COVID-Impact On Employment

“In August, 13.4 percent of employed persons teleworked because of the coronavirus pandemic, little changed from the prior month. These data refer to employed persons who teleworked or worked at home for pay at some point in the last 4 weeks specifically because of the pandemic.

In August, 5.6 million persons reported that they had been unable to work because their employer closed or lost business due to the pandemic–that is, they did not work at all or worked fewer hours at some point in the last 4 weeks due to the pandemic. This measure is up from 5.2 million in July. Among those who reported in August that they were unable to work because of pandemic-related closures or lost business, 13.9 percent received at least some pay from their employer for the hours not worked, up from 9.1 percent in the prior month.

Consumer Confidence Sinks to Six-Month Low Due to Delta Variant

On the last day in August, the Conference Board reported that its Consumer Confidence declined in August, after falling in July. As of August 31st, the Index is at 113.8 (1985=100), which is down significantly from 125.1 in July.

Further, it was reported that:

  • The Present Situation Index, which is based on consumers’ assessment of current business and labor market conditions, fell to 147.3 from 157.2 last month.
  • The Expectations Index, which is based on consumers’ short-term outlook for income, business, and labor market conditions, fell to 91.4 from 103.8.

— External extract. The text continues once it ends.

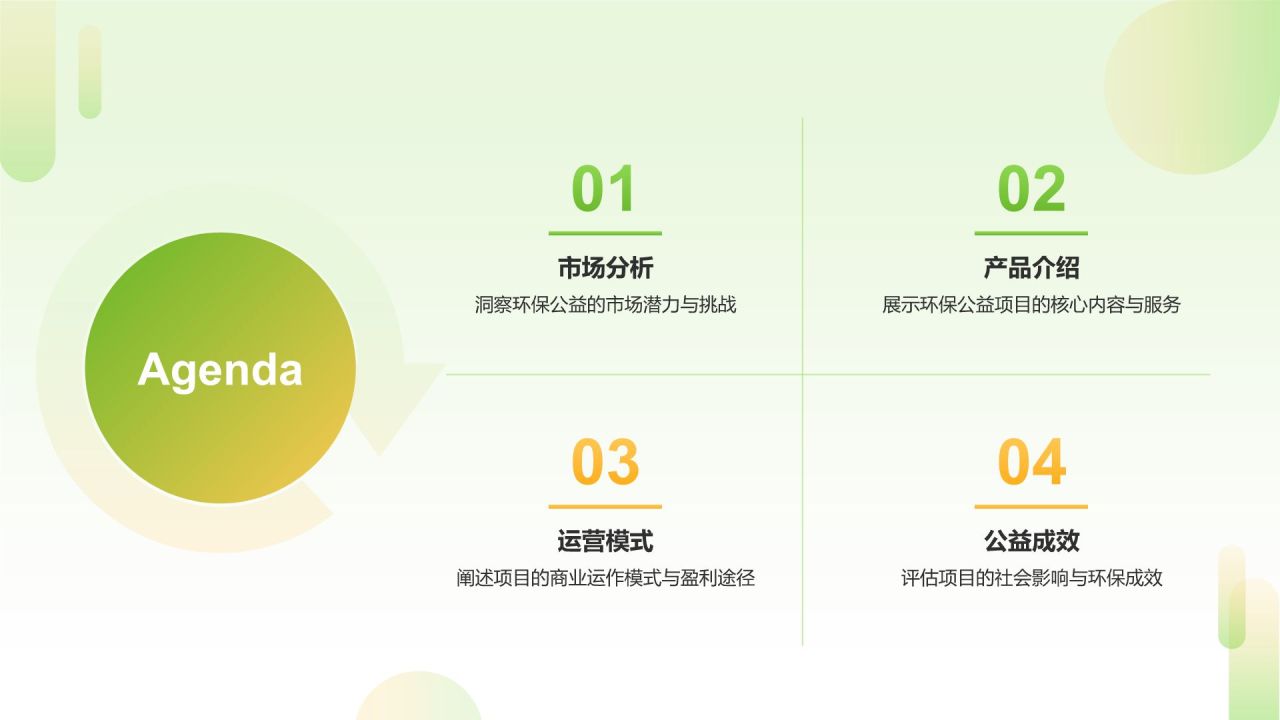 绿色插画风互联网+社会服务商业计划书PPT模板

Said Lynn Franco, Senior Director of Economic Indicators at The Conference Board: “Concerns about the Delta variant – and, to a lesser degree, rising gas and food prices – resulted in a less favorable view of current economic conditions and short-term growth prospects. Spending intentions for homes, autos, and major appliances all cooled somewhat; however, the percentage of consumers intending to take a vacation in the next six months continued to climb.”

Present Situation

Consumers’ appraisal of current business conditions declined in August.

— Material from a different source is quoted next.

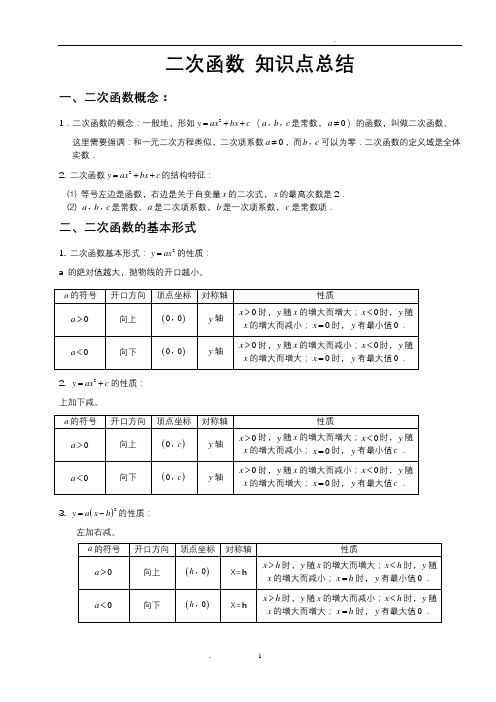 北师大版数学九年级下册二次函数知识点总结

  • 19.9% of consumers said business conditions are “good,” down from 24.6%.
  • 24.0% of consumers said business conditions are “bad,” up from 20.0%.

Consumers’ assessment of the labor market eased.

  • 54.6% of consumers said jobs are “plentiful,” down from 55.2%.
  • 11.8% of consumers said jobs are “hard to get,” up from 11.1%.

Expectations Six Month Hence

Consumers’ optimism about the short-term business conditions outlook deteriorated in August.

  • 22.9% of consumers expect business conditions will improve, down from 30.9%.
  • 17.8% expect business conditions to worsen, up from 11.9%.

Consumers were somewhat less optimistic about the shortterm labor market outlook.

  • 23.0% of consumers expect more jobs to be available in the months ahead, down from 25.5%.
  • 18.6% anticipate fewer jobs, up from 17.8%.

Consumers were less upbeat about their shortterm financial prospects.

  • 17.9% of consumers expect their incomes to increase, down from 20.0%.
  • 10.1% expect their incomes will decrease, up from 8.8%.”